Bullying involves either physical or verbal abuse and can range from simple teasing to pushing and hitting. Children who are victims of bullies tend to be quiet, sensitive and anxious with low self-esteem. They react to bullying by crying, acting out or withdrawing and tend not to confide in anyone about the bullying. Therefore, it is necessary that parents look for signs in their child if they think he or she has been a victim of bullying.
These signs typically include behaviors that avoid going to school, such as headaches or stomachaches. A child may have problems sleeping and may seem afraid to go to school. There may also be a change in personality and a drop in grades.
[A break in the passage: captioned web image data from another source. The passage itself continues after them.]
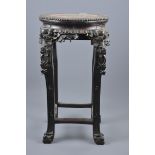 A Chinese 19th century hardwood plant stand with slight damage. 61cm tall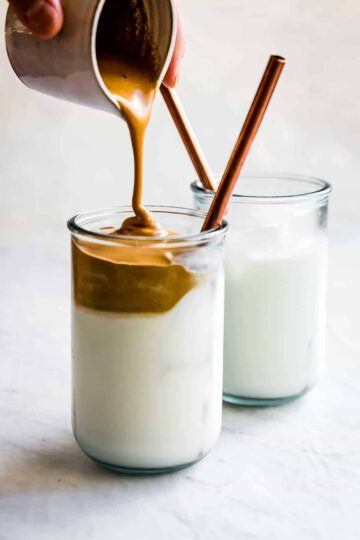 dalgona coffee being poured into a glass cup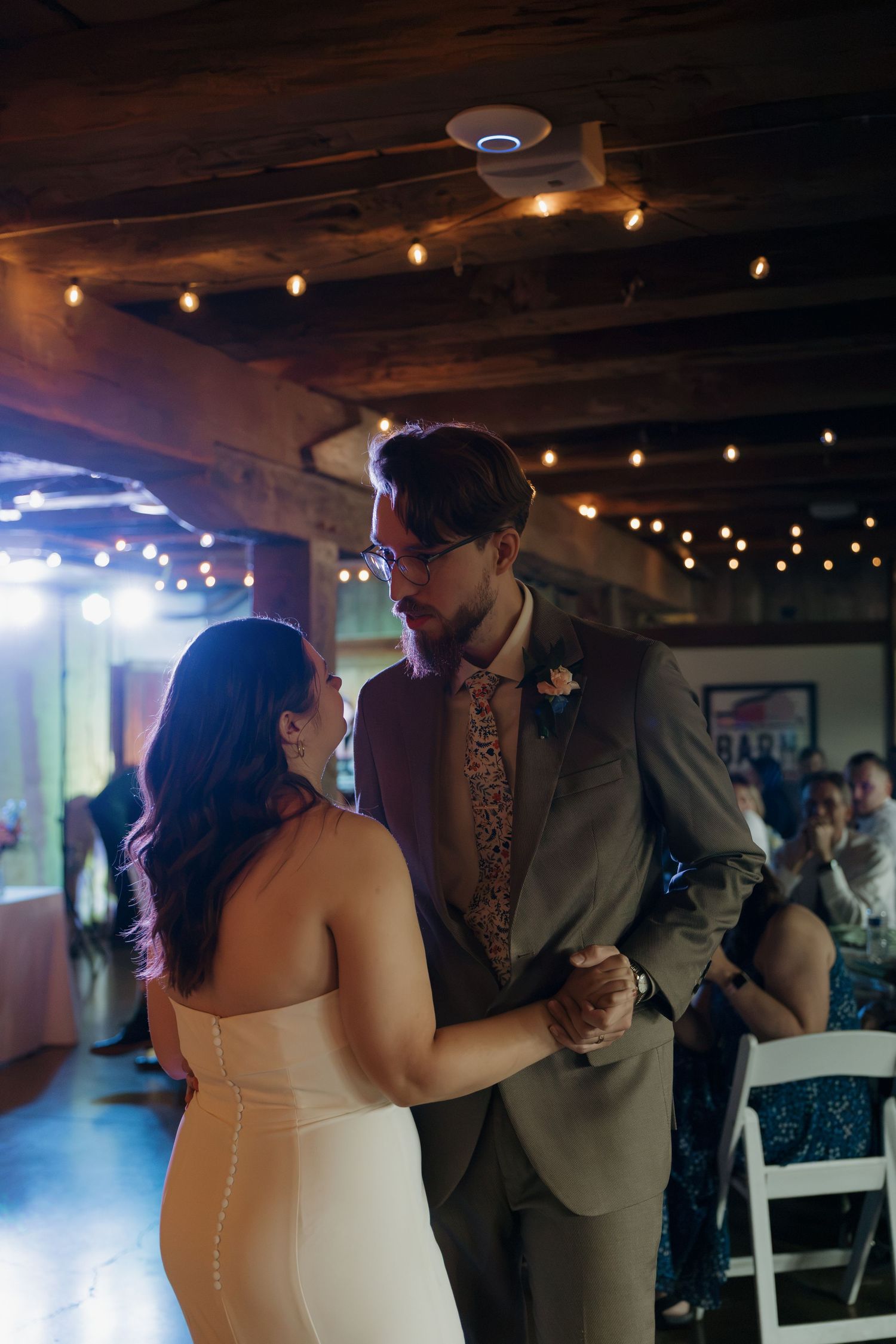 Bride and groom share their first dance in a rustic barn venue adorned with string lights during their wedding reception.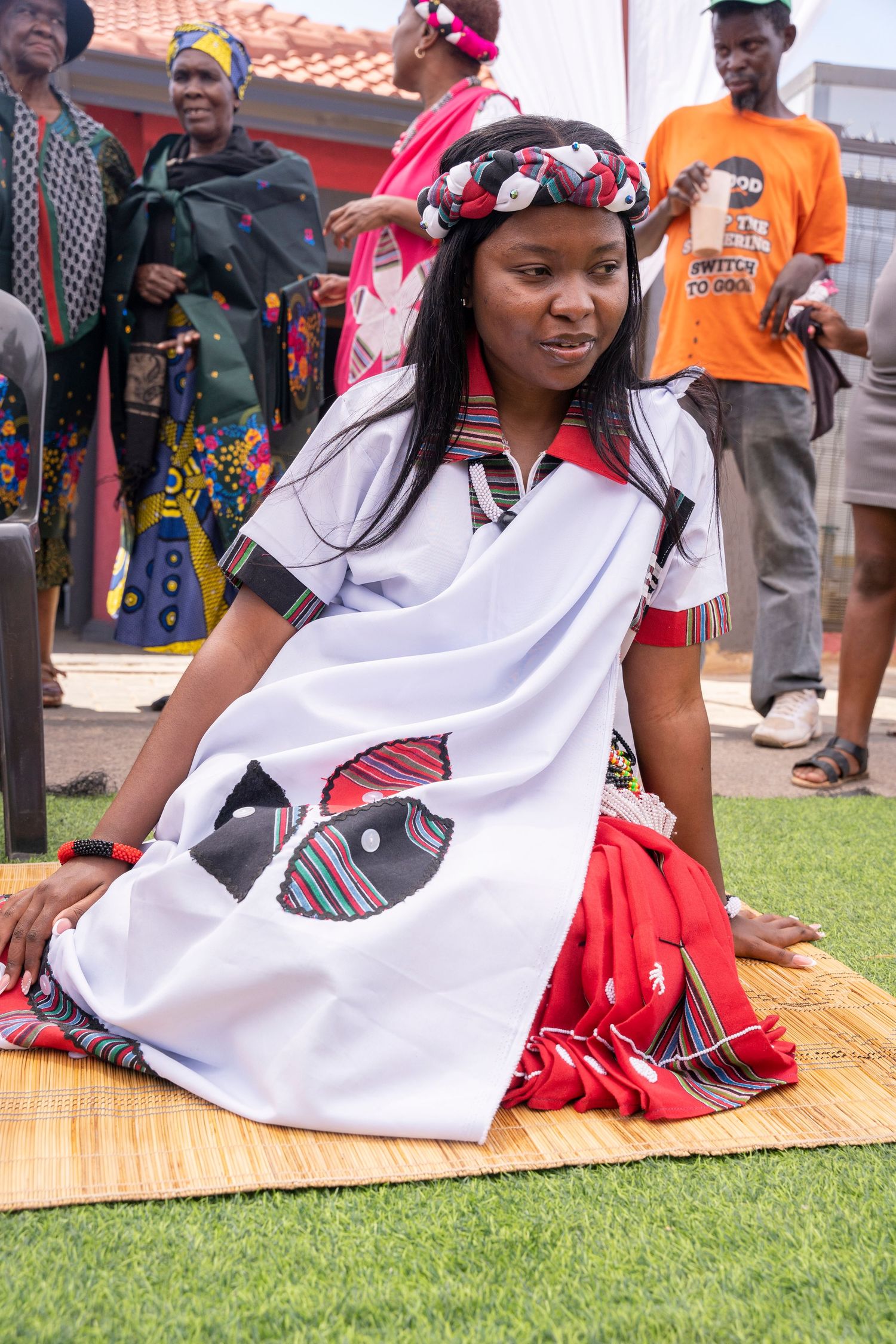 Young woman in traditional Xhosa white ceremonial dress with beaded headpiece sits gracefully on woven mat during cultural ceremony.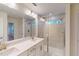 Bathroom featuring double sinks, modern shower, and plenty of lighting at 7117 Hubner Pl # 22, Cary, NC 27519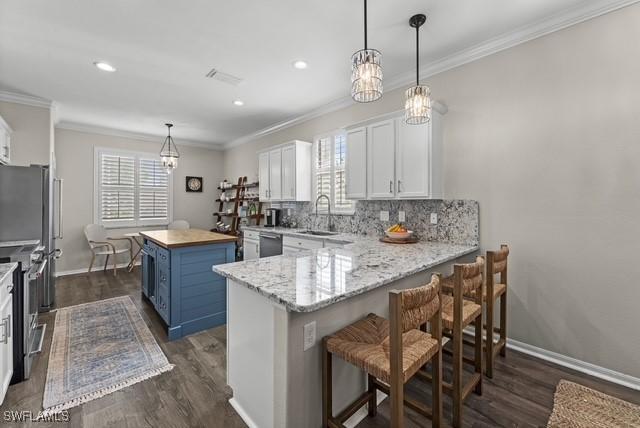 kitchen featuring appliances with stainless steel finishes, blue cabinets, a kitchen breakfast bar, and white cabinets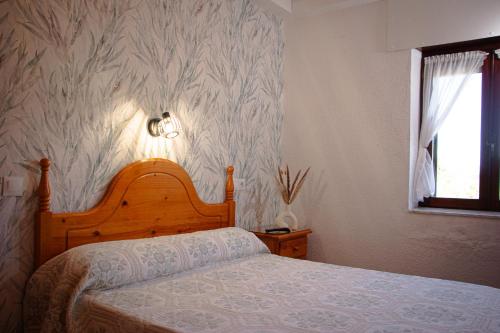 a bedroom with a bed with a wooden headboard and a window at COSMA HOUSE in Hinojedo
If parents see any of these signs and suspects that bullying is involved, they should ask their child about it directly or ask more open-ended questions about what happens at recess or lunchtime, when children tend to be under less supervision.
If a child has been bullied, he or she should not be taught to fight back as this may only worsen the situation and cause the child to get in trouble at school. The best approach parents can take is to try to develop more assertiveness and self-confidence in their children. One way to do this is to enroll the child in a martial arts class, not so much to learn how to fight back but to help build self-esteem and self-confidence.
Parents can also talk with school officials about the bullying so that the actions of the bully can be observed and intervention can take place when necessary. Parents can also teach their child to not respond to the bully or walk away completely. Having a strong voice and showing self-confidence can go a long way to preventing the actions of a bully in the first place.